2. Which route would you suggest we take down? Are motels and gas stations pretty plentiful along suggested route?

3. I am under the impression that we purchase car insurance for 6 months at the border. Does anyone know how much it might cost? 

4. I am also under the impression that all I need to bring my dog across the border is a bill of good health from a Veterinarian within 3 days prior to crossing. Is this true?

5. Once in Mexico, what should we expect in terms of health care? Neither of us anticipate needing regular medical attention, but, just in case of an emergency...

6. How safe will it be for us to have our car with us in Guanajuato? How have you parked/secured your car in this region?

7. If you have lived in this region before, what would you generalize for a monthly budget? Including rent, food, transportation...

8. Considering our level of visa, we will not be able to have normal, legal, jobs in Mexico. Are there other ways to make money? Has anyone worked for the US while in Mexico? Are there options I'm not aware of?


Those are all of my questions for now.

I'd like to thank you all in advance. If you have any advice unrelated to my questions, please feel free to send it my way!


----------



## ExpatPumpkin (May 30, 2010)

*Please see my responses in bold below.*



noshoes said:


> Hello folks,
> 
> 
> So glad to have found this forum.
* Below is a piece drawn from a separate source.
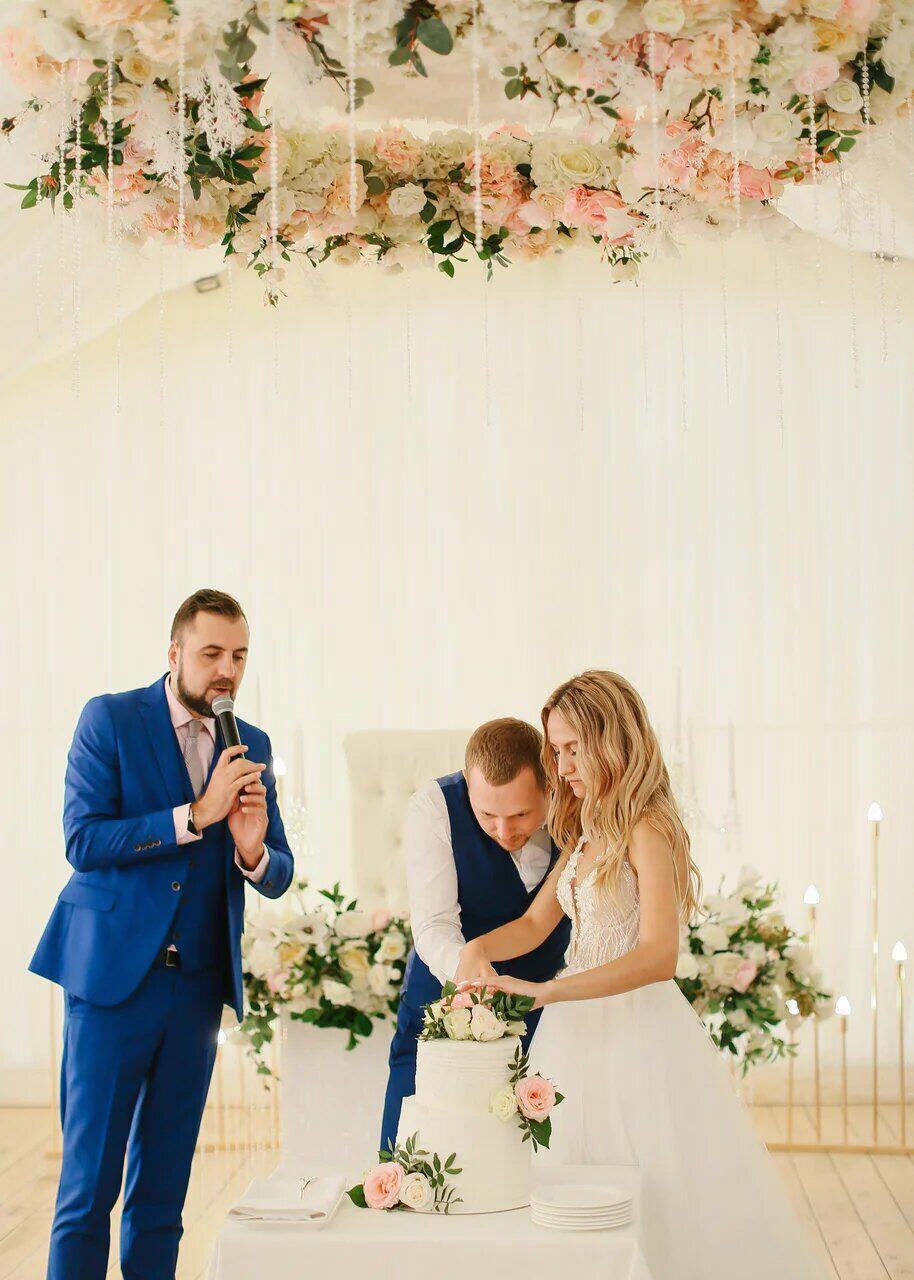 Wedding. Ведущий Сергей Селедцов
I'm hoping that it will prove to be helpful to me and my best friend as we begin our journey down to Mexico.
> ...


*Just out of curiousity, do you speak Spanish? What is the goal of your trip?*


----------



## RVGRINGO (May 16, 2007)

Just take the most direct route and favor the toll roads (cuotas), although they are expensive.
Figure a couple of hundred dollars for insurance on the car, perhaps a bit more.
Be sure your vet specifies that the dog is 'free of internal and external parasites' and that 'Frontline has been appled'.
Never leave your car on the street with anything visible inside. A window will be broken and your stuff will be gone. Otherwise, no real problem with parking.
Don't even think about working in Mexico. The laws are strict on that front. Working would require at least a 'no inmigrante' visa, which requires that you prove financial security, and the express permission for a specific job attached to your visa by INM (Immigration). Don't invite deportation.
Never overstay your tourist permit; it can't be renewed in Mexico.
Never let your car be driven by a Mexican without being in the car yourself. That's asking for real trouble, including confiscation of the vehicle.....permanently.


----------



## conklinwh (Dec 19, 2009)

Sorry for cut & paste but your note pretty complex.
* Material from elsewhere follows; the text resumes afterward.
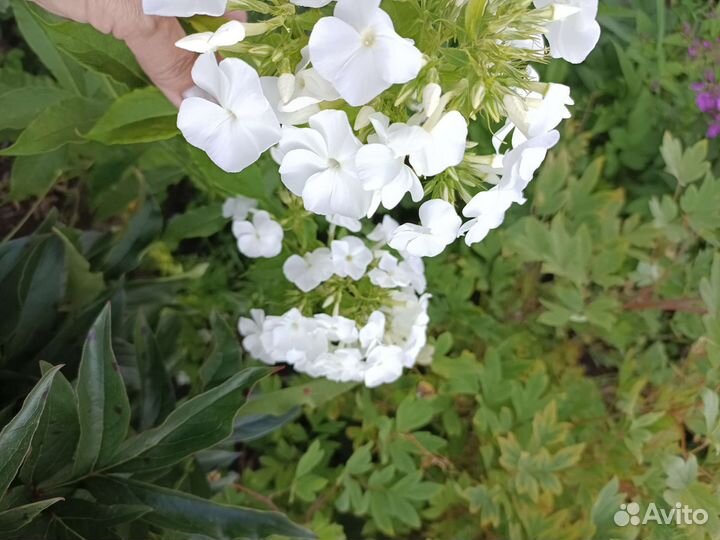 Многолетники садовые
My questions are as follows:

1. How easy will it be for me and my friend to find ourselves a modest apartment in Guanajuato or San Miguel for around 400USD? $400/month will probably be tough in San Miguel as there are tons of expats there and that tends to drive up housing prices. May be doable in Guanajuato. How should we go about looking for an apartment once we arrive? Local newspaper and/or a real estate agent.
San Miguel is doable, we have friend with 3BR apartment for $200. I also checked the Atencion, weekly dual language paper and they list furnished apartments for $400/mo 3 blocks from the Jardin. Guanajuato probably more options in that price range but more premium on level of Spanish fluency. Key I think will be finding temporary housing in either location to give you time to scope out places. Both have hostels and pensions but not sure about pet policy.

2. Which route would you suggest we take down? Are motels and gas stations pretty plentiful along suggested route? Your note list Seattle so you could do lots of routes. We like either Laredo or the southern Rio Grande Valley(Valley our preference) as both easy days drive to either Guanajuato or San Miguel. All routes have pros/cons.

3. I am under the impression that we purchase car insurance for 6 months at the border. Does anyone know how much it might cost? I would go online for insurance. There are sites that allow you to compare policies and rates. You can do at the border but no value and typically higher cost.

4. I am also under the impression that all I need to bring my dog across the border is a bill of good health from a Veterinarian within 3 days prior to crossing. Is this true? You'll need an International Health Certificate that's dated within 30 days of crossing. I'd do it no more than two weeks before leaving. If you go on the customs and immigration site, you will find detailed requirements. My impression that had to cross the border within 5 days of the form signed but might have changed. Must admit has caused me to have our vet post date. I also believe that you will need a shot record, especially rabies, showing that up to date. BTW, we always have the compliance but have never been asked.

5. Once in Mexico, what should we expect in terms of health care? Neither of us anticipate needing regular medical attention, but, just in case of an emergency... You can get excellent private care, and public care in case of emergencies. You'll have to pay as you go as your regular insurance probably won't cover doctors in Mexico. As said, Mexican health care is very good and reasonable but typically not covered. What we tend to tell visitors is to sign up with DAN even though not divers. This has comfort of the local doctor being able to call Duke Hospital. They decide where the required procedure can best be done and will fly you there. It used to always be the US but with the improvements in Mexican hospitals could now be there. Not sure of Guanajuato but for us in Mineral de Pozos as well as San Miguel, could well be Los Angeles in Queretaro. BTW way, family cost/year for DAN as comfort is $55/yr for a family. Less per person. 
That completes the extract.